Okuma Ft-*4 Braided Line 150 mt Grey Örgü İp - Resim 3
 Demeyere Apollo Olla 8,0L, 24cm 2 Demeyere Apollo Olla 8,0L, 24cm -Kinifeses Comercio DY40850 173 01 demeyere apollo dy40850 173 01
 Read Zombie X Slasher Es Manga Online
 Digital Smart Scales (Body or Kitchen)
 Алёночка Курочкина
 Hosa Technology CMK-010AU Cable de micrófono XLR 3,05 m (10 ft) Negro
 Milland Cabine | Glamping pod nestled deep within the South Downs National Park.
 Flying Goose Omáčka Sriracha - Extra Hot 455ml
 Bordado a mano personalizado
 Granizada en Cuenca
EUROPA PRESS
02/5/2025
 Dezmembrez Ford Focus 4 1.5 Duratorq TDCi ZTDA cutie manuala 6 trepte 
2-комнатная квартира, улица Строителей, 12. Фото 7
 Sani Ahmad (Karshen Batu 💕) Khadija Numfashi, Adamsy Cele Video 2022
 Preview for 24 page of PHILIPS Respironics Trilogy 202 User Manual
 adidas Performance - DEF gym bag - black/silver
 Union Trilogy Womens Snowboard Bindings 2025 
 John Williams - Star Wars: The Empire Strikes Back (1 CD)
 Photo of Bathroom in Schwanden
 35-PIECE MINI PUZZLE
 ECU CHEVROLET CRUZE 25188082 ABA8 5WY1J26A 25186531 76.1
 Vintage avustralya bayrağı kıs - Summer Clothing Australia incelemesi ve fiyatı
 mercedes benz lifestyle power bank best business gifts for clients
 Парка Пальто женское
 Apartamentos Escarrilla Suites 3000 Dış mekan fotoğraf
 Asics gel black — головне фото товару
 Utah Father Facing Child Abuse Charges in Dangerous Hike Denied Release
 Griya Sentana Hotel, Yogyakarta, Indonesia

To do | Repeat exactly the lines above from the one with "Milland Cabine |" up to and including the one with "2-комнатная квартира, улица". No other line belongs in the reply.

Task result |
 Milland Cabine | Glamping pod nestled deep within the South Downs National Park.
 Flying Goose Omáčka Sriracha - Extra Hot 455ml
 Bordado a mano personalizado
 Granizada en Cuenca
EUROPA PRESS
02/5/2025
 Dezmembrez Ford Focus 4 1.5 Duratorq TDCi ZTDA cutie manuala 6 trepte 
2-комнатная квартира, улица Строителей, 12. Фото 7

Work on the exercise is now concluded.